L'Amministrazione intimata ha eccepito l'irricevibilità di ambedue i ricorsi, sostenendo: quanto al primo, che la delibera di nomina della Commissione, assunta il 23 febbraio 1999, era nota alla ricorrente già dal 18 marzo 1999 in forza dell'accesso agli atti effettuato in quella data, e che pertanto la notifica del ricorso nel luglio 1999 è tardiva; quanto al secondo, che la ricorrente avrebbe dovuto impugnare il regolamento, come atto presupposto della contestata delibera di nomina della Commissione giudicatrice, sin dal momento in cui aveva avuto conoscenza di detta delibera e, comunque, unitamente all'atto di esclusione.

Ambedue le eccezioni vanno disattese.

In merito alla prima la Sezione rileva che il provvedimento di nomina della Commissione giudicatrice non è impugnabile autonomamente ma unitamente all'atto conclusivo del procedimento, oppure con l'eventuale atto procedimentale che sia immediatamente lesivo, quale l'esclusione dalle prove.

In questo senso è infatti orientata la prevalente giurisprudenza (da ultimo C.d.S. sez. V 19 ottobre 1999; T.A.R. Veneto sez. 2° n. 2240 del 23.11.1999 idem T.A.R. Calabria sez. Catanzaro n. 817 del 2 novembre 1996) che giustifica il proprio orientamento con la mancanza di attualità della lesione, che si concretizza, come detto, solo con l'atto conclusivo del procedimento concorsuale ovvero con la non ammissione del candidato o con la sua esclusione dal prosieguo delle operazioni di esame.

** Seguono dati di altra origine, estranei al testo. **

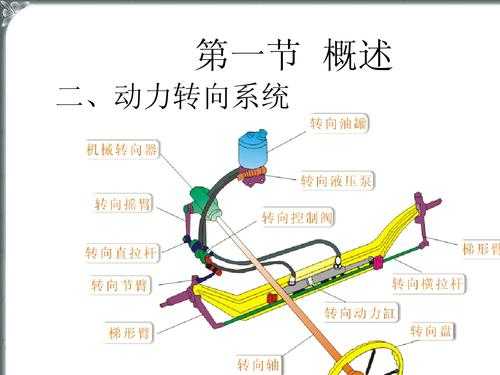 客车转向系动力转向（汽车动力转向系统的结构和原理）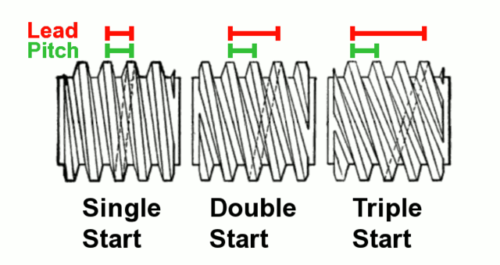 Power Screw | Applications, Types, Advantages, Disadvantages, Parts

Ne consegue che il fatto che la dott.ssa Ericani abbia preso visione della delibera di nomina della commissione sin dal 18 marzo 1999, non implica che da quel momento decorresse il termine per ricorrere e non comporta acquiescenza agli eventuali vizi della delibera di nomina della commissione.

Quanto all'inammissbilità del secondo ricorso, che formalmente viene dedotta per tardività ma in realtà per mancanza di contestualità tra l'impugnativa dell'atto presupposto e di quello applicativo, la Sezione osserva che l'eccezione è in ambedue le accezioni infondata, sia perché il secondo ricorso è comunque tempestivo (l'atto di esclusione è del 20 maggio 1999 e la notifica del ricorso n. 1886/1999 del 15 luglio 1999) sia perché non esiste un obbligo, sanzionato a pena di inammissibilità, di impugnativa contestuale dell'atto presupposto e di quello conseguenziale.

In realtà se esiste un profilo di inammissibilità del ricorso questo va individuato, e la Sezione tornerà sul punto, nel fatto che il regolamento, nella parte oggetto di impugnativa non è tale da comportare alcun pregiudizio alle ragioni della ricorrente, in quanto la norma in questione non afferma che la composizione della commissione debba essere “al maschile” e dunque non esclude di per sé una sua applicazione conforme alla tesi della ricorrente.

Nel merito il motivo di censura dedotto nel primo ricorso è fondato.

La censura prende le mosse dal disposto dell'art. 9 comma 2^ del D.P.R. 9 maggio 1994 n. 487, il quale richiamando l'art. 29 del D. Lgs. 23 dicembre 1993 n. 546 dispone che “almeno un terzo dei posti di componente delle commissioni di concorso, salva motivata impossibilità, è riservato alle donne”.

Si tratta allora di stabilire se tale norma, in quanto contenuta nel regolamento delegato approvato con il D.P.R. n. 487/94, si riferisca al solo impiego statale, come sostiene l'amministrazione comunale intimata, ovvero se trattasi di norma che riguarda anche le amministrazioni comunali e che pertanto prevale, in virtù della gerarchia delle fonti, sulle disposizioni regolamentari di rango inferiore.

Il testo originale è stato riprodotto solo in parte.